Well, with a name like that, you are inevitably expecting something rocky sounding, aren’t you? With their last album, 2014’s ‘Blood’, this Leeds four-piece earned their first top 40 entry in the UK album chart. Therefore with their fourth album, ‘The Haze,’ the pressure is on to deliver something that will take them to the next level, commercially speaking.
With a new drummer on board, Tommy Davidson of These Monsters, the band hooked up with Ross Orton to record the record. Orton’s CV includes the likes of Drenge, MIA and Arctic Monkeys. Initially, the signs are positive. The opening three track salvo on the album, which have already been released ahead of the album, rock like bastards, in a manner that you would hope for. The title track, ‘The Big What If’ and ‘Hotel Motivation’ sound like a rock band firing on all cylinders.
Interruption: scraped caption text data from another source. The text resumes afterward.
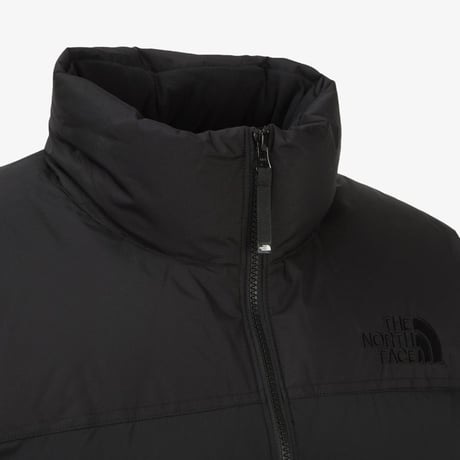 M'S CLOUD NUPTSE DOWN JACKET (RDS) REAL BLACK NJ1DR62B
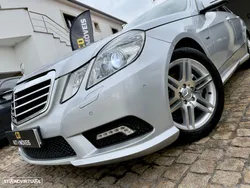 Mercedes-Benz E 250 CDI DPF BlueEFFICIENCY 7G-TRONIC Avantgarde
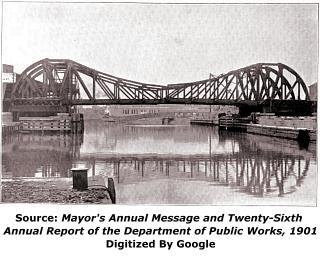 Cortland Street Bridge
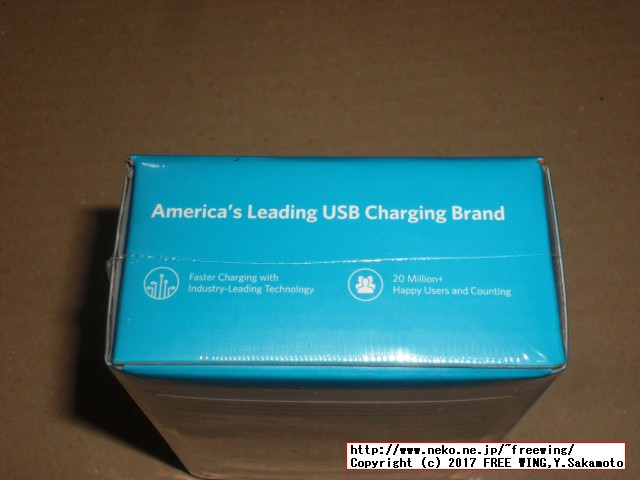 Anker PowerDrive 2 2ポート USBカーチャージャー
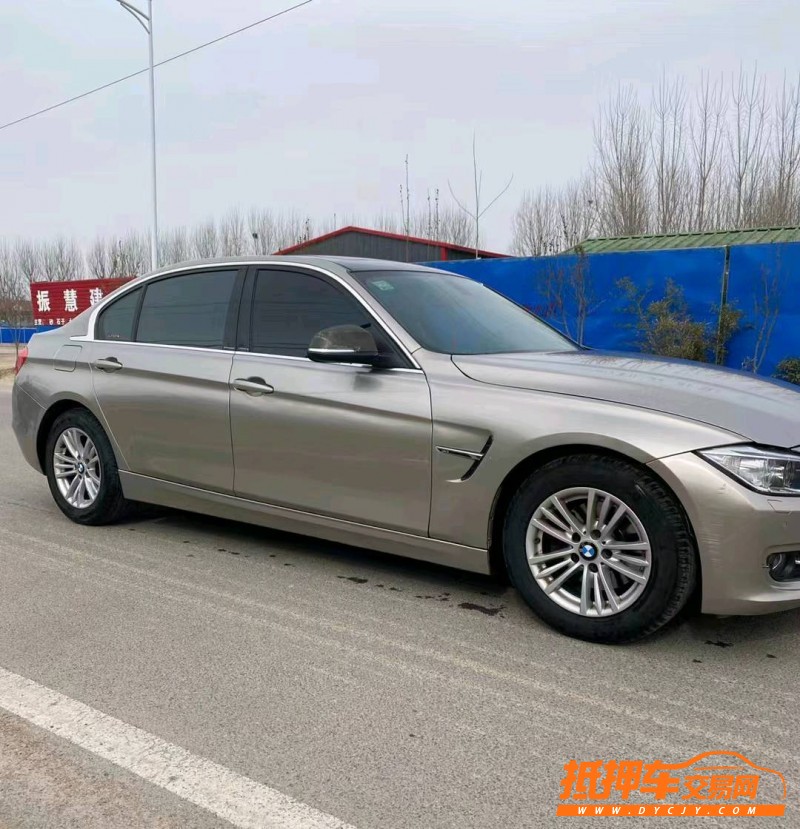 潍坊17年宝马3系2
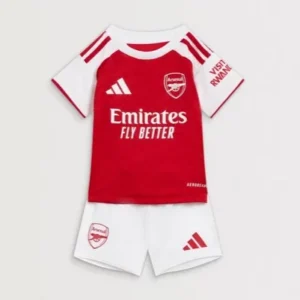 Conjunto Arsenal I 2025/26 - Infantil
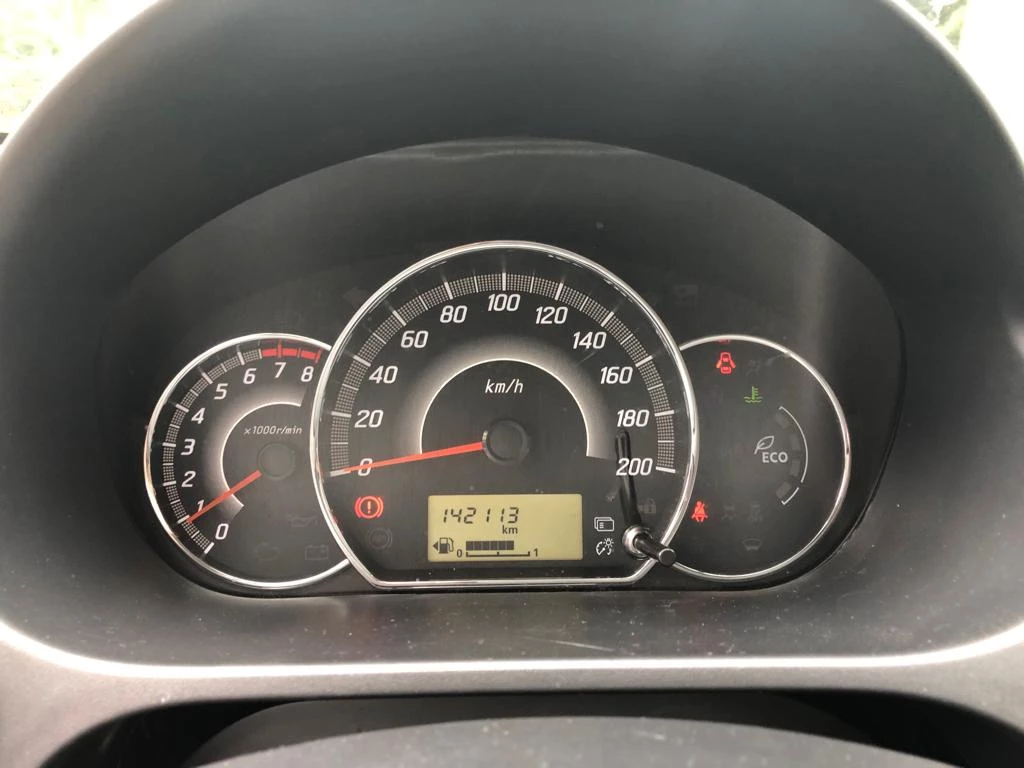 Mitsubishi Space Star – foto 11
The problem is that even after several listens, the album just blends into one, without much to distinguish between the songs. While the songs are pleasant enough while they’re on, by the time the listener has progressed to the next track, it’s not common to remember what the previous one sounded like. Subsequent listens to the whole album compound this issue, rather than actually changing it. And therein lies the problem: whilst only the most soulless of beings would sit there listening out for a band’s unique selling point (ugh), it’s hard to actually pinpoint anything on this record that sets it apart from its peers.
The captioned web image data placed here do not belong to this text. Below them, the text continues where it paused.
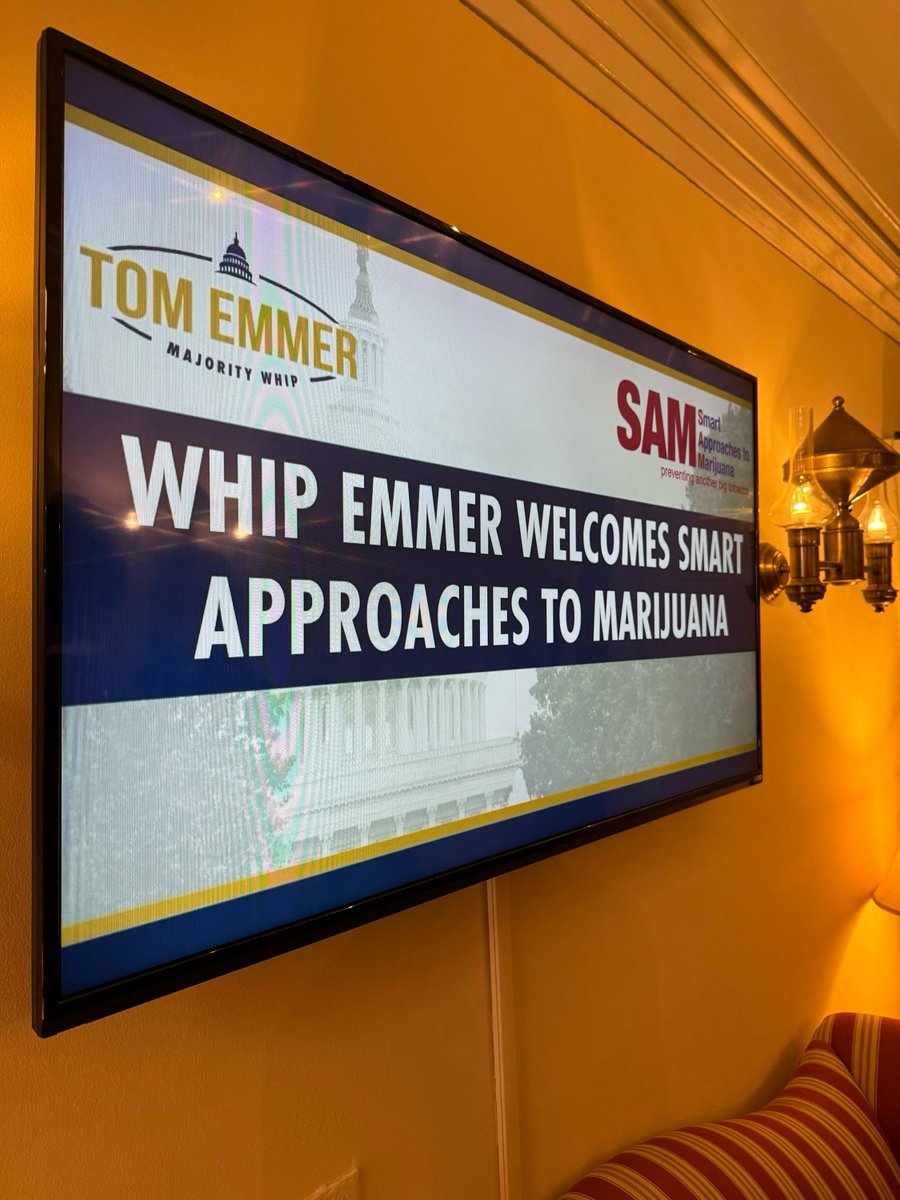 Smart Approaches to Marijuana tweet media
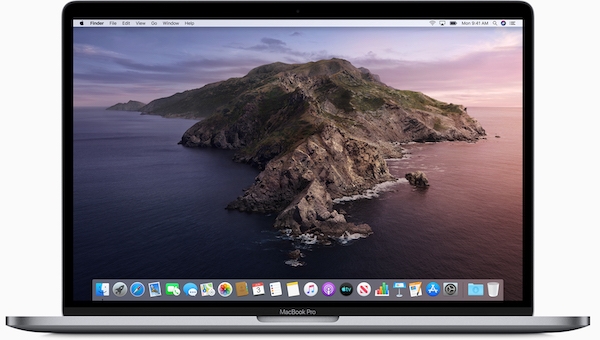 macOS Catalina and File Sharing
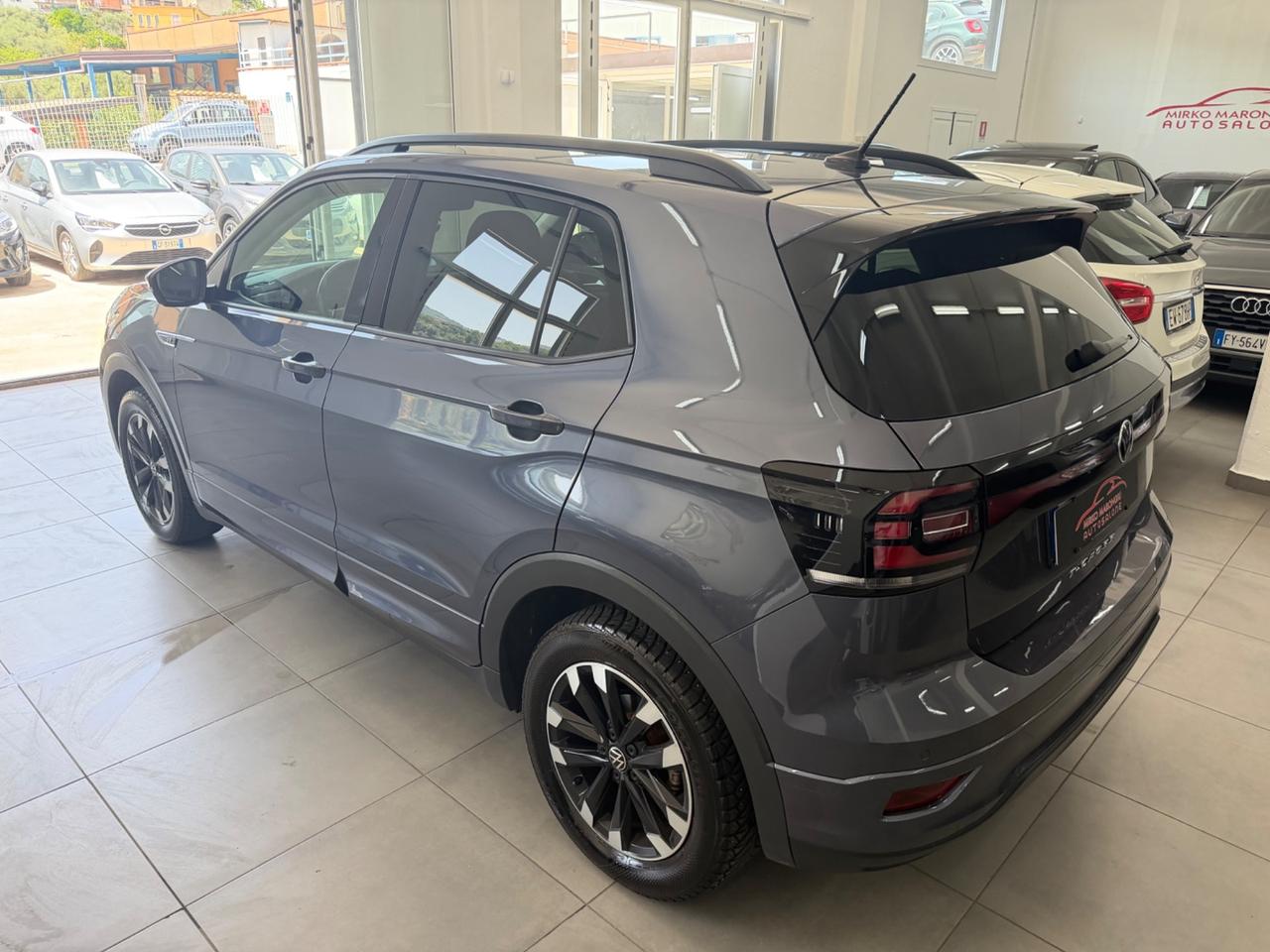 VW T-Cross 1.0 TSI 110 CV R-Line FINANZIABILE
No doubt the band have very cool record collections and have ingested a lot of great music. You can tell they have. Unfortunately, the reality is that a track will remind you of the work of such-and-such-a-band, and the devil on your shoulder (or should that be on your ear) whispers: ‘such and such a band do it better.’ It’s not an awful or dull record, but the problem is that it is a rather average record. That’s no help to a band looking to move up a rung commercially, and if people are going to spend their hard-earned cash on an album (as opposed to streaming it or downloading it for free), they will want to get their money’s worth. And if listeners already own much of the influences on here, it’s hard to work out why they’d spend their time on a band who don’t really take those influences any further but seem to see them as an end in themselves. It’s not stale-sounding – but nor is it fresh, either.
The final two tracks on the album ‘My Evil Twin’ and ‘Dumb Fun’ represent an improvement – but they also show up how lacking the middle of the album is. Sure, if you’ve never heard much rock music before (an unlikely thing at this point in history, I would have thought) then this may seem like something new. Otherwise, it’s hard to find much to hold onto here.